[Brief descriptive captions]
•••

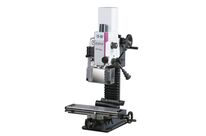 Perceuse-fraiseuse X 240 Y 135 mm Z 150 mm CM2/M10 0,55 kW 230V vitesses variables Optimill MH15V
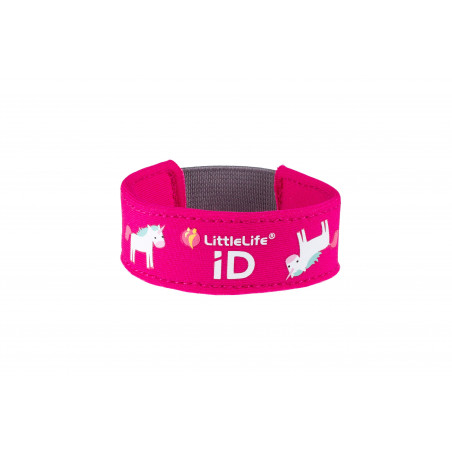 Βραχιολάκι iD Strap...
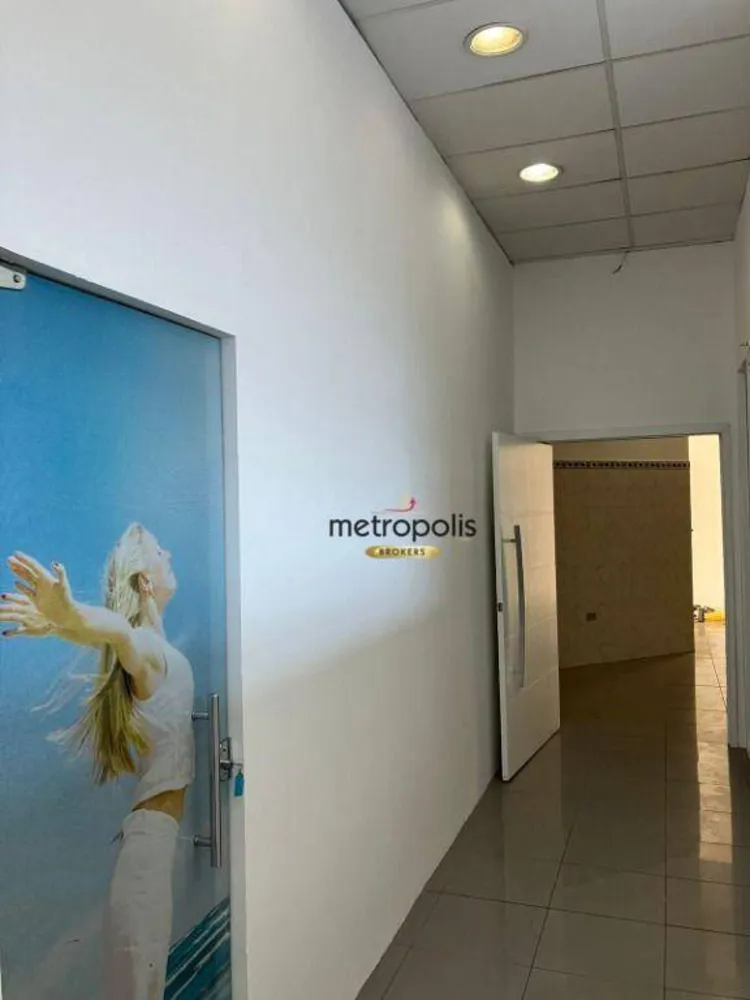 Depósito-Galpão, 599 m² - Foto 7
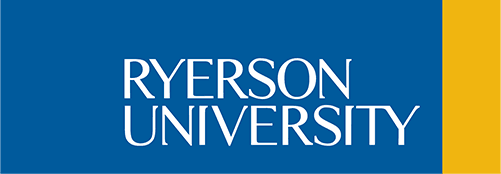 Toronto Metropolitan University logo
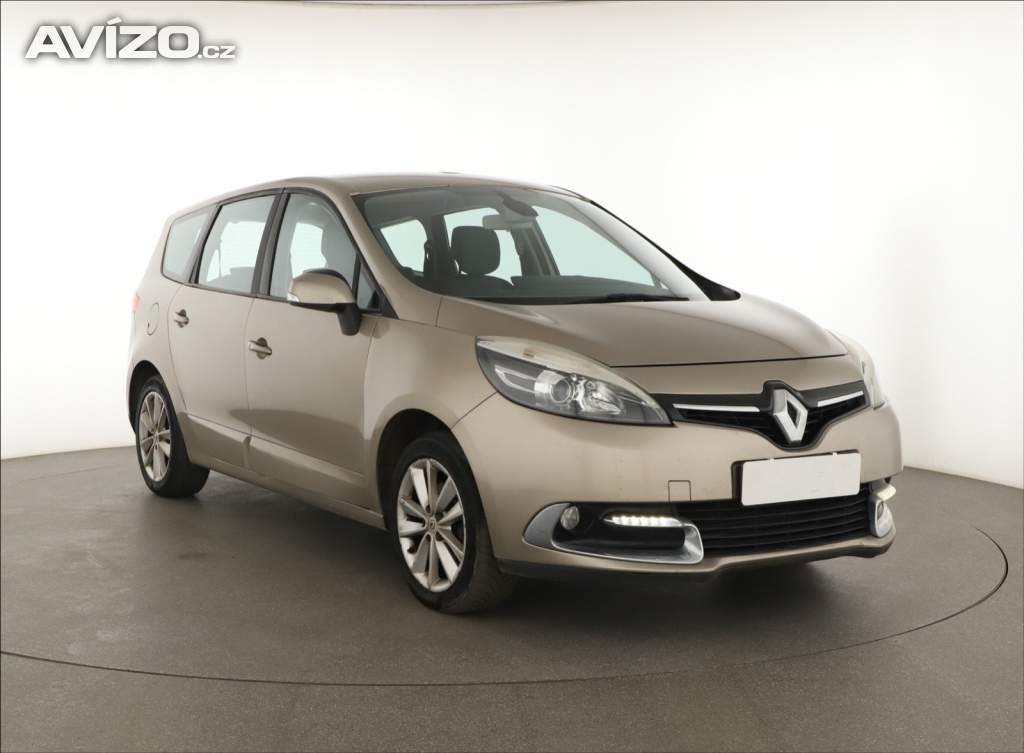 Renault Grand Scénic 1.5 dCi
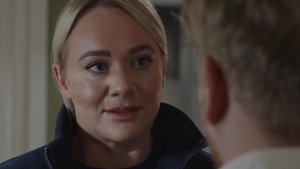 Poster for Tue 11 Mar 2025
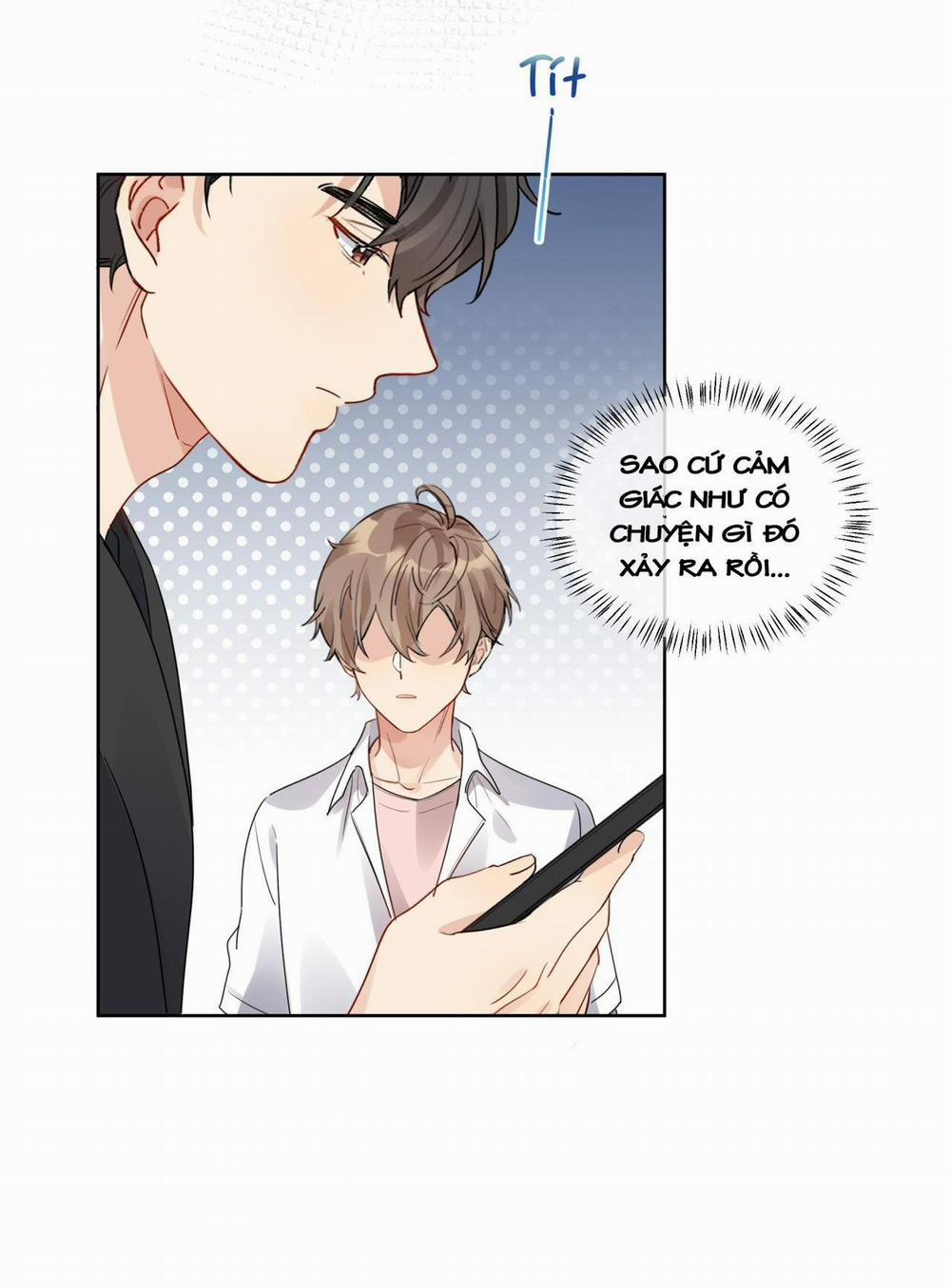 Scandal ngây thơ (END) 35 trang 8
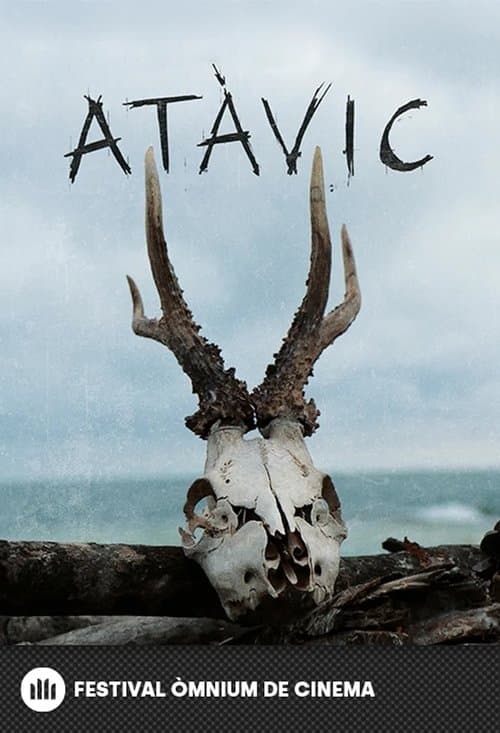 Atàvicのポスター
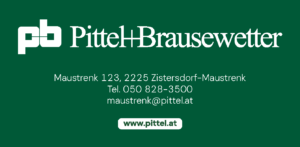 Pittel u. Brausewetter LOGO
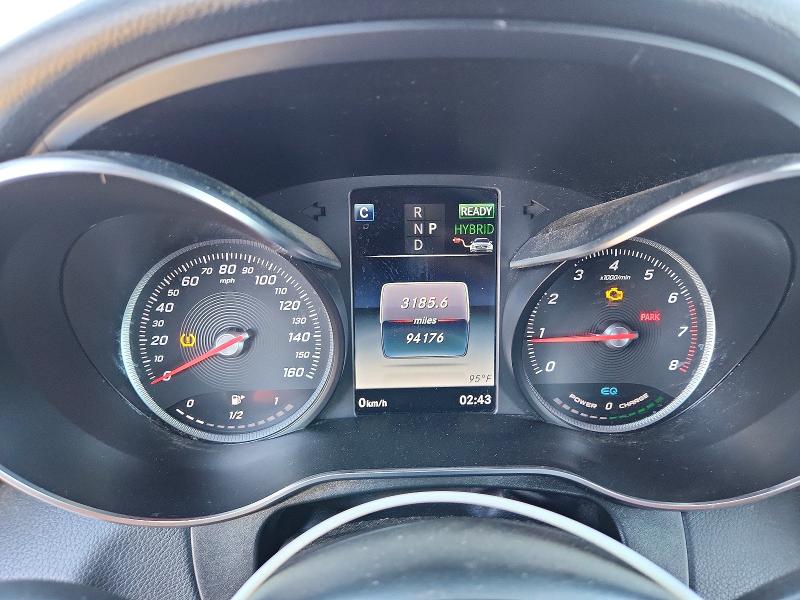 Продажа на аукционе авто 2019 Mercedes-benz Glc, vin: WDC0G5EB1KF564513, номер лота: 67642416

•••

§ **WORK REQUIRED**
The expected output is an exact retyping of the lines from the line with "Atàvicのポスター" through the last line of the data, with both ends kept and the pictures dropped.

§ **SOLUTION FOR THIS PROBLEM**
 Atàvicのポスター
 Pittel u. Brausewetter LOGO
 Продажа на аукционе авто 2019 Mercedes-benz Glc, vin: WDC0G5EB1KF564513, номер лота: 67642416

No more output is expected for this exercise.